Erstellt am 06. Mai 2011, 12:48

Teure Bankenhilfe - Ministerium widerspricht. Die Republik Österreich hat in den vergangenen drei Jahren um 1,4 Mrd. Euro mehr für Bankenhilfspakete ausgegeben als die Hilfsbedürftigen ihr abgegolten haben, berichten die Tageszeitungen "Der Standard" und "FAZ". Sie berufen sich dabei auf ein Dokument des europäischen Statistikamts Eurostat, das Aufwendungen und Rückflüsse für die Stützungsaktionen zwischen 2007 und 2010 zusammenzählt.

Die Republik Österreich hat in den vergangenen drei Jahren um 1,4 Mrd. Euro mehr für Bankenhilfspakete ausgegeben als die Hilfsbedürftigen ihr abgegolten haben, berichten die Tageszeitungen "Der Standard" und "FAZ". Sie berufen sich dabei auf ein Dokument des europäischen Statistikamts Eurostat, das Aufwendungen und Rückflüsse für die Stützungsaktionen zwischen 2007 und 2010 zusammenzählt.

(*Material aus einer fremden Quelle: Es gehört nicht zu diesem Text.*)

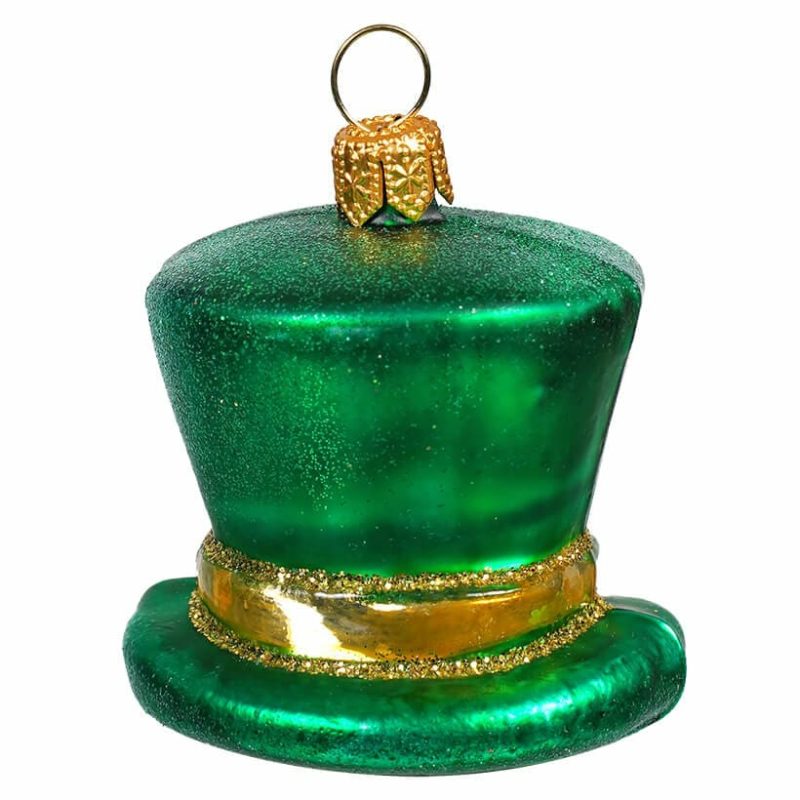 Irish Hat With Clover Ornament  |  St. Patrick’s Day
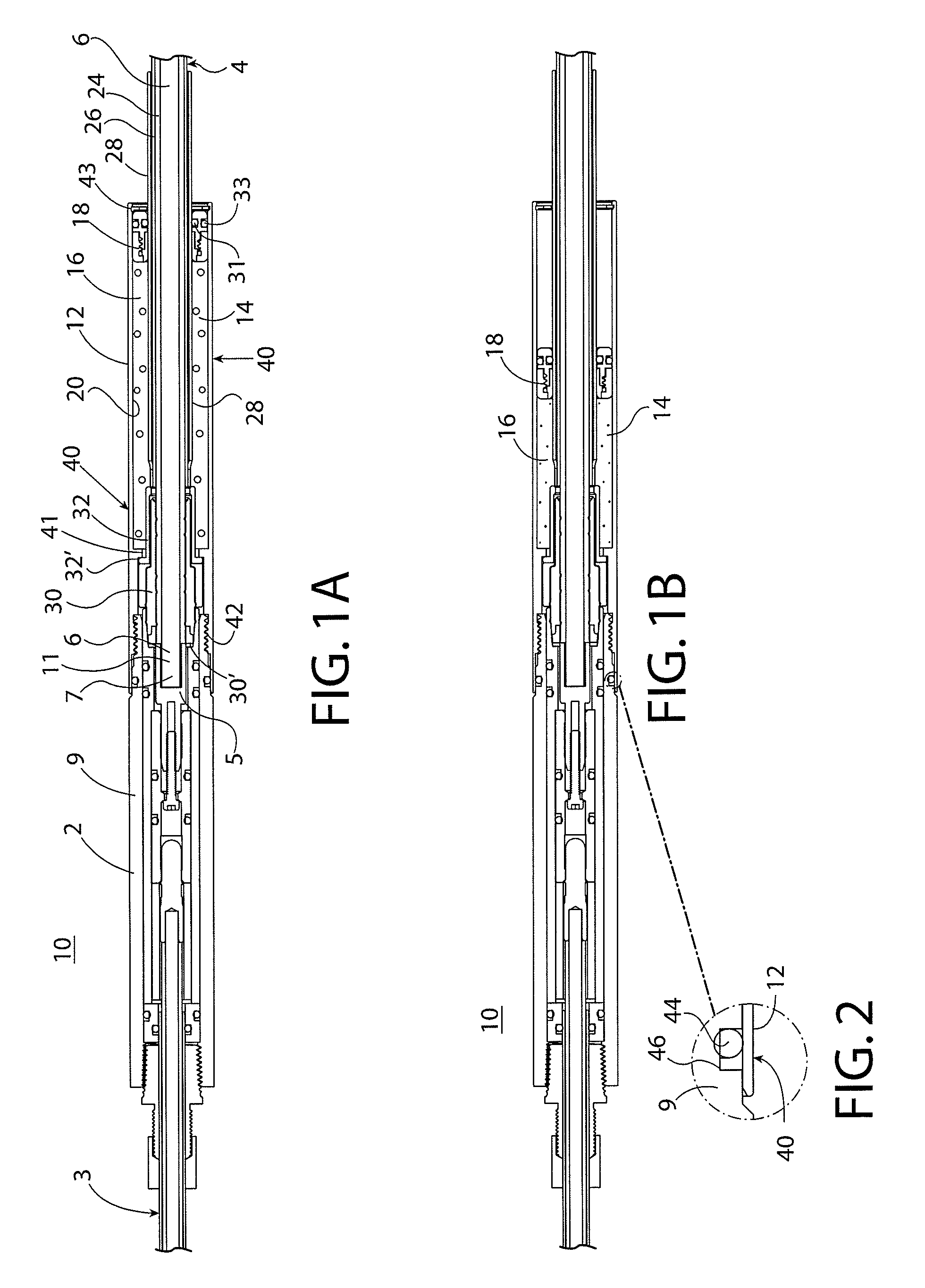 Pressure balanced connector termination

Die mit großem Abstand höchsten Aufwendungen hatte das kleine Irland zu tragen, das 35,7 Mrd. Euro (mehr) für die Banken aufwenden musste. Irland hatte in einer historischen (Fehl-)Entscheidung im Oktober 2008 eine unbegrenzte Garantie für alle Einlagen in den großen Banken gegeben.

Als Hauptgründe für den bisherigen Negativsaldo der österreichischen Bankenhilfen wird die Tatsache angeführt, dass Volksbanken und Hypo Alpe Adria (vertragskonform) bisher keine Zinsen gezahlt haben und dass durch die Zwangsverstaatlichungen der Hypo und der Bad Bank der Kommunalkredit "erhebliche Mehrkosten angefallen sind " ("Standard"). In einem "profil"-Bericht wird der bisherige Negativ-Saldo aus den Bankenrettungsaktionen mit nur 500 Mio. Euro angegeben.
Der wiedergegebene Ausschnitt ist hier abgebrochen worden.